Exercise instructions:
Everything from the line with "새폰급) 갤럭시 제트플립5 민트512GB 중고폰 공기계...--1" to the line with "appartamento in vendita" in the listing below, both lines included, needs to be copied exactly, apart from the pictures.

Supplied data:
-------------------------

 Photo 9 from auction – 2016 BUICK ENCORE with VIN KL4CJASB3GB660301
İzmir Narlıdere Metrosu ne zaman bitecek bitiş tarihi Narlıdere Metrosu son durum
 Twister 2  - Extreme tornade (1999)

-------------------------

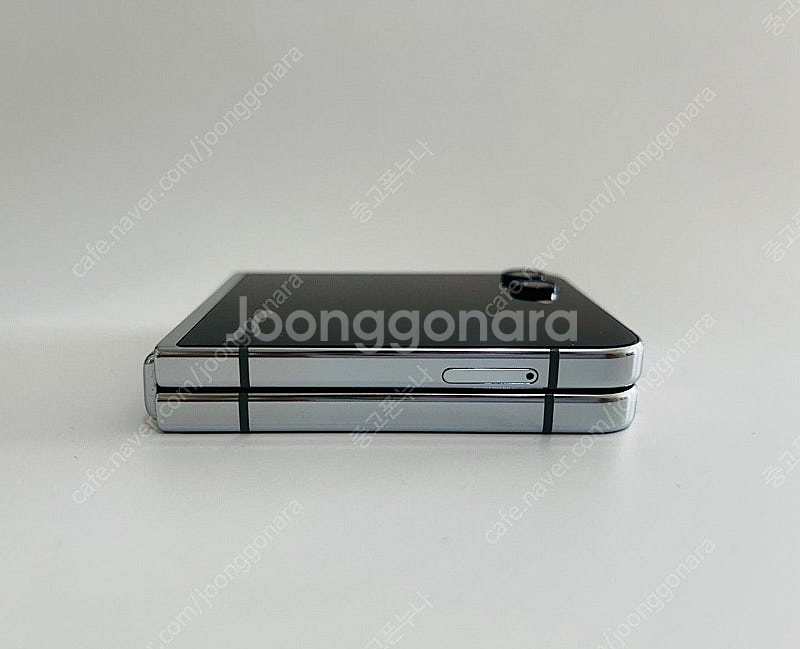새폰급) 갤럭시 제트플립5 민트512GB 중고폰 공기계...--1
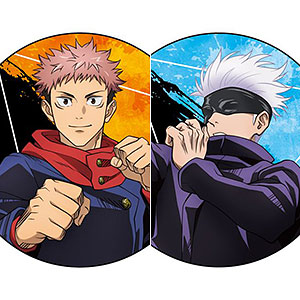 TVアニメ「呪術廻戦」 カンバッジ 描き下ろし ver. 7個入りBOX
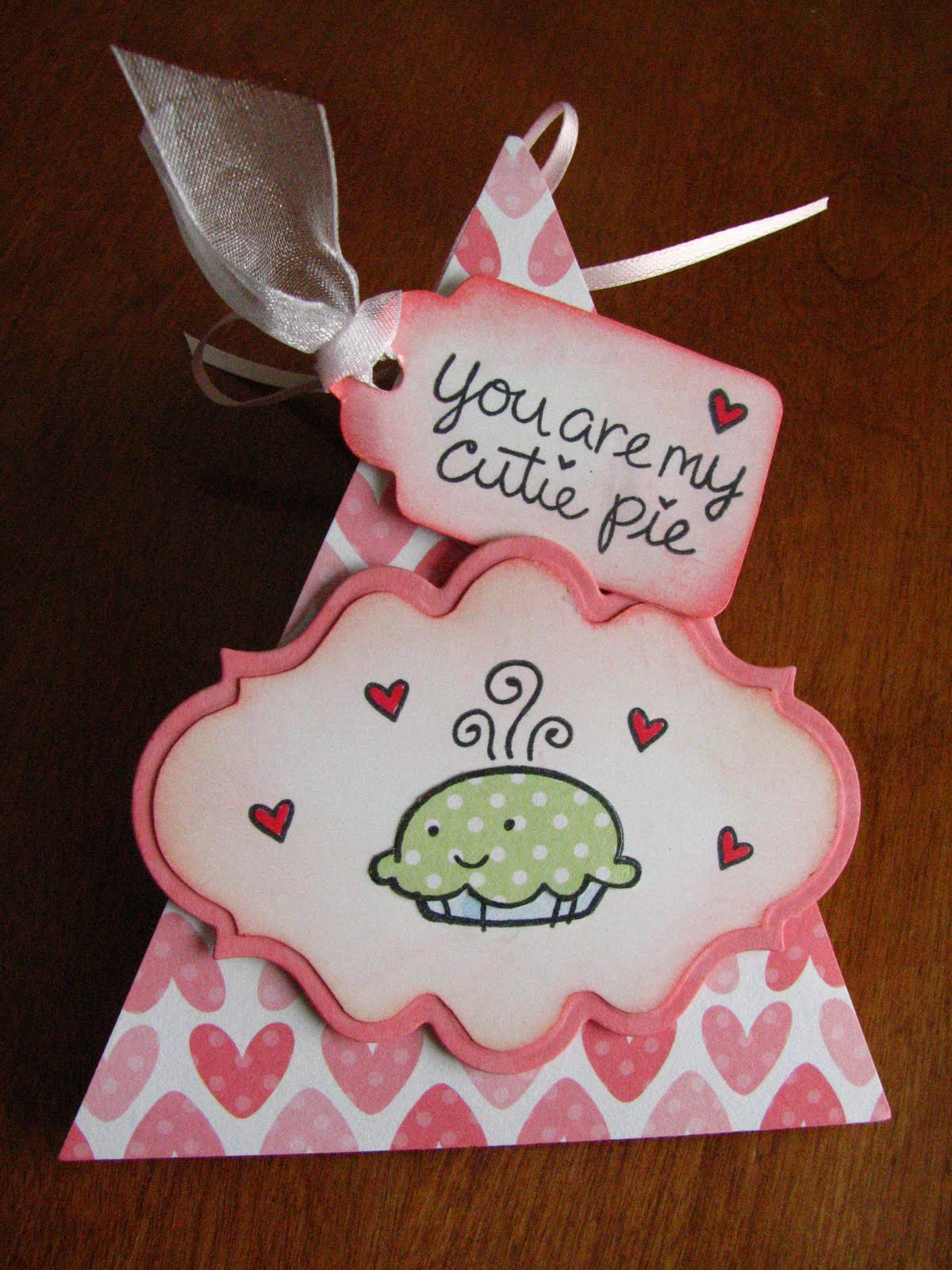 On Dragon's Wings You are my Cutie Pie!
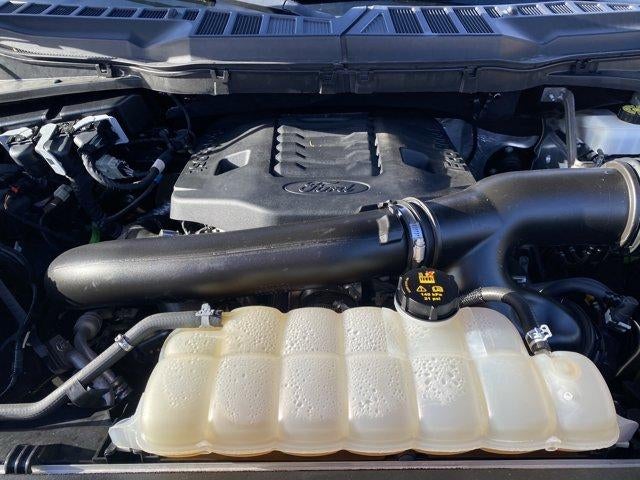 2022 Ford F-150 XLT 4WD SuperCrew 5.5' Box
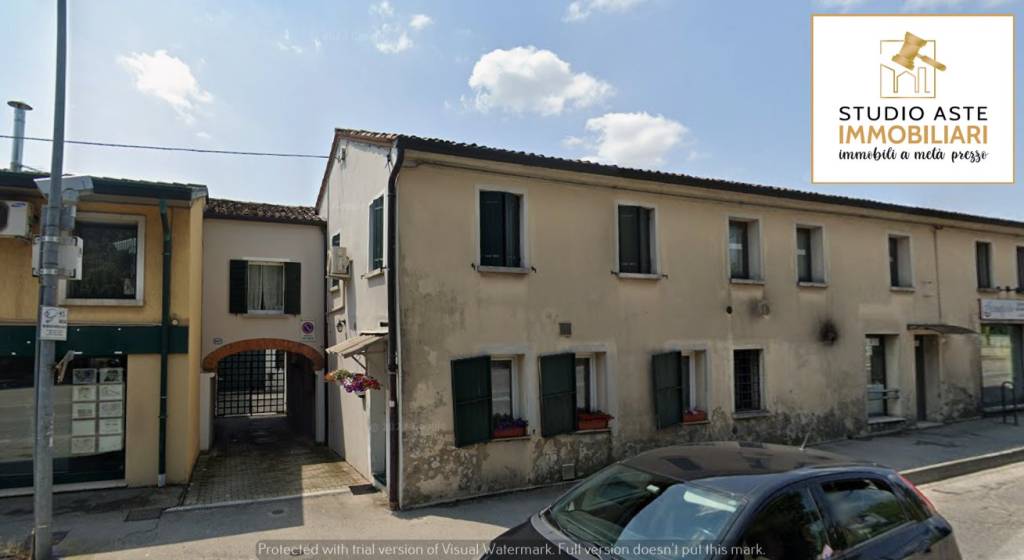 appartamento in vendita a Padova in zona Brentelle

-------------------------

Written response:
새폰급) 갤럭시 제트플립5 민트512GB 중고폰 공기계...--1
 TVアニメ「呪術廻戦」 カンバッジ 描き下ろし ver. 7個入りBOX
 On Dragon's Wings You are my Cutie Pie!
 2022 Ford F-150 XLT 4WD SuperCrew 5.5' Box
 appartamento in vendita a Padova in zona Brentelle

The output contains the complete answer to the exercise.